Neural Network Output-Feedback Distributed Formation Control for NMASs Under Communication Delays and Switching Network
Haodong Zhou, Shaocheng Tong · IEEE Transactions on Artificial Intelligence · 2025
This article studies the neural network (NN) output-feedback distributed formation control problem of nonlinear multiagent systems (NMASs) under communication delays and jointly connected switching network. Since the communication between agents is affected by time-varying delay and some agents cannot access the leader’s information under jointly connected switching network, a communication-delay-related distributed formation observer is designed to estimate the leader’s information and simultaneously mitigate the effects of communication delays. NNs are adopted to identify unknown functions, and a NN state observer is established to reconstruct unmeasurable states. Then, based on the designed distributed formation observer and NN state observer, a NN output-feedback distributed formation control algorithm is proposed by the backstepping control theory.
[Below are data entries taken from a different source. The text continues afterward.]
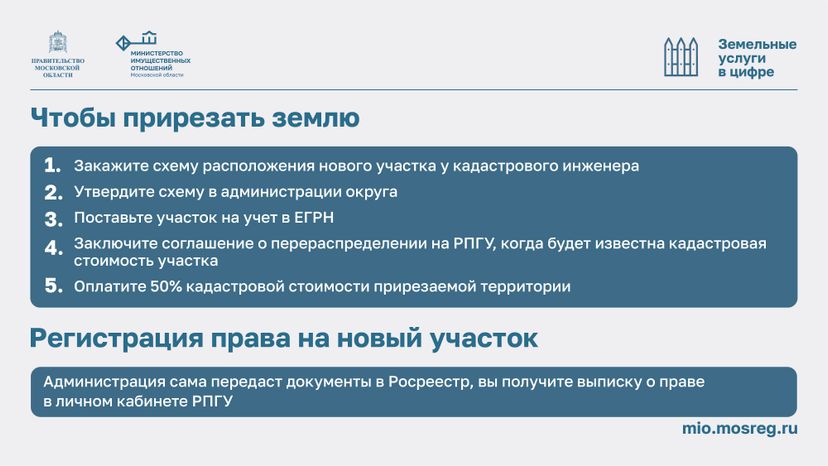 Как увеличить участок с помощью прирезки горизонталь 06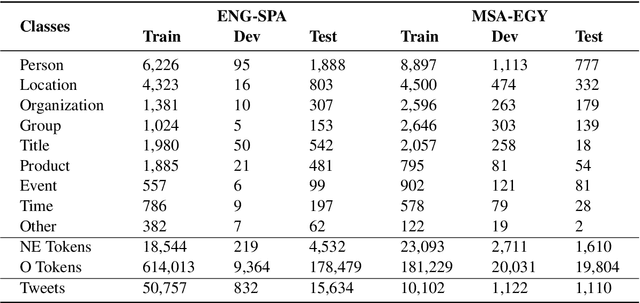 Figure 2 for Named Entity Recognition on Code-Switched Data: Overview of the CALCS 2018 Shared Task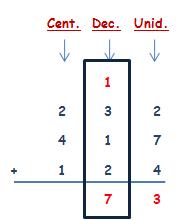 Matemáticas cuarto de primaria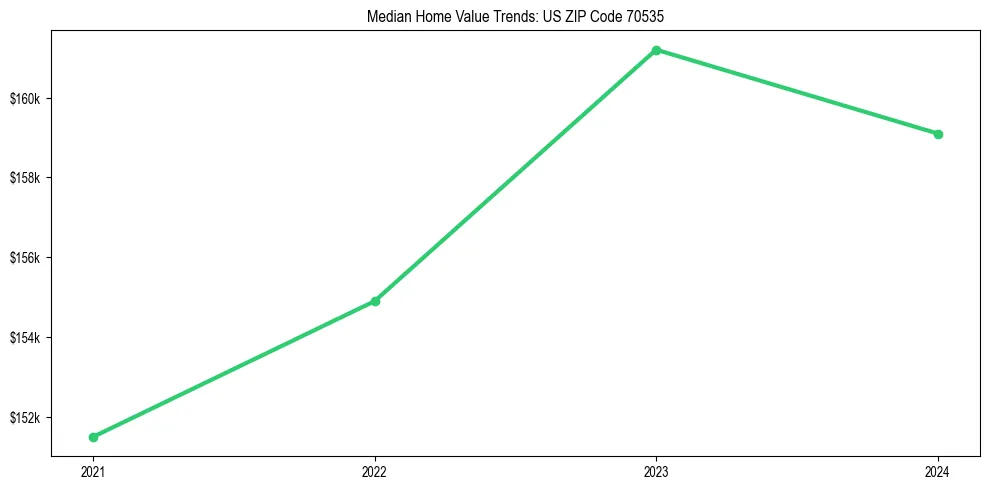 Median property value trends in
It is proven that the designed communication-delay-related distributed formation observer errors converge to zero exponentially. Meanwhile, the proposed distributed NN formation control approach ensures the NMAS to be stable, and the formation tracking errors converge to a small neighborhood around zero. Finally, we apply the output-feedback distributed formation control scheme to unmanned surface vehicles (USVs), the simulation results verify its effectiveness.